This group of workers went above and beyond in meeting the needs of the kids they serve....and these kid's lives will be touched forever because of it.

Anonymous said...

"Bob" (name changed) is an educational advocate who has worked with hundreds of children that have special education needs. Through his advocacy, so many children are receiving the free and appropriate public education that they are entitled to.

To top it off, even though Bob is busy with the many families he helps, he also manages to find the time to do things like attend sporting events and school performances.

HE is truly a class act.

August 26, 2008 10:03 PM

Guinevere said...

My friend is just finishing a graduate program to be a school psychologist, and I honor her and all the other people who do work that I don't think I could do. She is mostly going to be in the field of educational testing, but in her internships has already encountered a number of troubled children (a girl whose mother was murdered, for example), and has done her best to help them. I really admire people who do this work, because it seems like it would be really emotionally tough. My thanks go out to all of them.

Anonymous said...

I have a family member who has advocated as an unpaid volunteer for adults who were sexually abused as children by clergy. For the last 7 years, she has helped run a monthly support group and an internet discussion group.

MCB said...

A friend of mine has a daughter who just graduated with a PSY degree and is working with children and teens who are sent to the center she works for with behavior issues. These are kids yanked from homes where they have been abused and kids who are one step from jail for being the abuser. Kids who were never taught boundaries, sexually. She has to watch what words she uses, how she dresses in front of them and every day, comes home tense, stressed and upset because a child she worked with has gotten his or herself back into trouble after going through the program and is now headed to jail. Not only is it a difficult job, it is one with a high turnover. The pay is bad, the hours are bad, the kids break your heart and the parents piss you off. She sees what true abusive parents and damaged children are, every single day.

Anonymous said...

I have a brother who is a police officer. I feel most police officers are advocates for children but he goes above and beyond. He will follow up with every situation that he as an officer is involved with. Makes returns visits to the home months later to see if the child is ok. He contacts various agencies that he is aware of to see how they can help the child. Recently, he became a Big Brother. He knows how I feel about him but I thought I would recognize him here and send him a link so he can read it. The city of Detroit is a better place because of people like him.

Anonymous said...

I'd like to honor the individuals who work as advocates for the aging population. So often, elders become victims of abuse, even and the hands of their own family. To people who recognize this need and work with this population deserve recognition.

MomOfOne said...

My hubby, like most police officers, have a sometimes thankless job. They see the worst of everyday life which can leave many jaded. Besides attempting to keep our streets safe, they are comforting children and elderly alike.

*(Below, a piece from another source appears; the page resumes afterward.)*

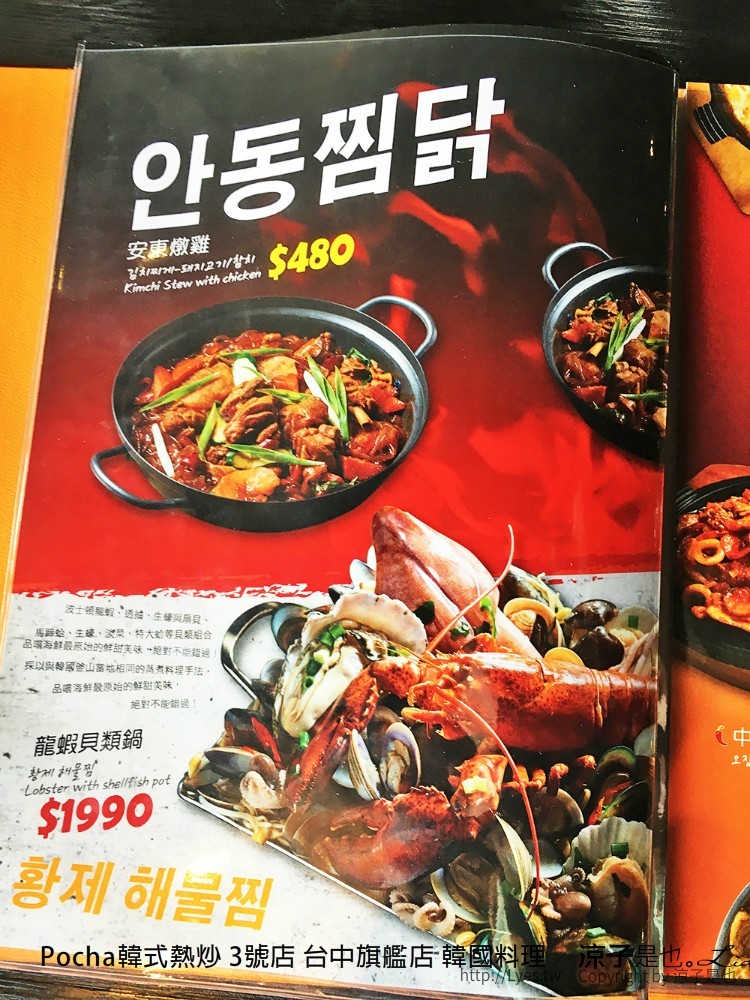 Pocha韓式熱炒 3號店 台中旗艦店 韓國料理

So, I have a tiny request that will go a long way in each of your cities/towns. When you see an officer, say "thank you." They don't hear it that often and believe me, it will brighten their day!

anya said...

MomOfOne said...
"So, I have a tiny request that will go a long way in each of your cities/towns. When you see an officer, say "thank you." They don't hear it that often and believe me, it will brighten their day!"


********************************

You are absolutely right and I'll remember to say "thank you" the next time I encounter an officer.

I am not an advocate myself in any sense, but my aunt has worked in mental health for 20+ years. Like others, I have heard the horror stories of many of their abusive childhoods at the hands of parents or caregivers with substance abuse and/or mental health issues themselves. Unfortunately, it seems many times these patterns repeat generation after generation.

It makes me very grateful for my just slightly dysfunctional upbringing!

Anonymous said...

I am a teacher. I admit. I do my job but at the end of the day I have my own kids to go home to. But I would like to recognize a teacher who I work with. He stays for hours after school and tutors math. He started a Math club and sometimes they meet on Saturdays. But he goes beyond this. He takes a real interest in the kids and really listens to what they have to say. If he feels there are any problems or concerns he deals with it immediately.

nomoredrama said...

I was fortunate enough to have a few wonderful teachers in my life. Definitely Kudos to teachers...

Anonymous said...

I think we often take for granted that parents are in the field of "advocacy" every day. They push their kids to be their bests and help them navigate this crazy world. Parents deserve a shout out!

Guinevere said...

anon 8:24, don't discount your own contribution. Teachers do a hard job and get flak from parents (often) and are underpaid. You probably have more of a positive impact on your students' lives than you recognize. So while you are recognizing your colleague, give yourself a pat on the back, too!

anya said...

Anonymous said...
"I think we often take for granted that parents are in the field of "advocacy" every day. They push their kids to be their bests and help them navigate this crazy world. Parents deserve a shout out!"


Absolutely. Excellent point. And to be realistic, what better outlet is there for advocacy than one's own child/children (or if you don't have children, the children in your family or daily life). This is where we can (hopefully) achieve the greatest impact in contributing to a healthy society.

Actually, I think the Gosselins are a good example of this. Whether we agree with every decision they make or not, it is clear their family life is their number one priority. I have admiration for that.

Anonymous said...

I am not a social worker but I have worked closely with them and that is a thankless job. Many social workers go above and beyond and at the end of the day go home knowing that there was not much control over some situations. Sometimes they are placed in questionable situations. Kudos to them.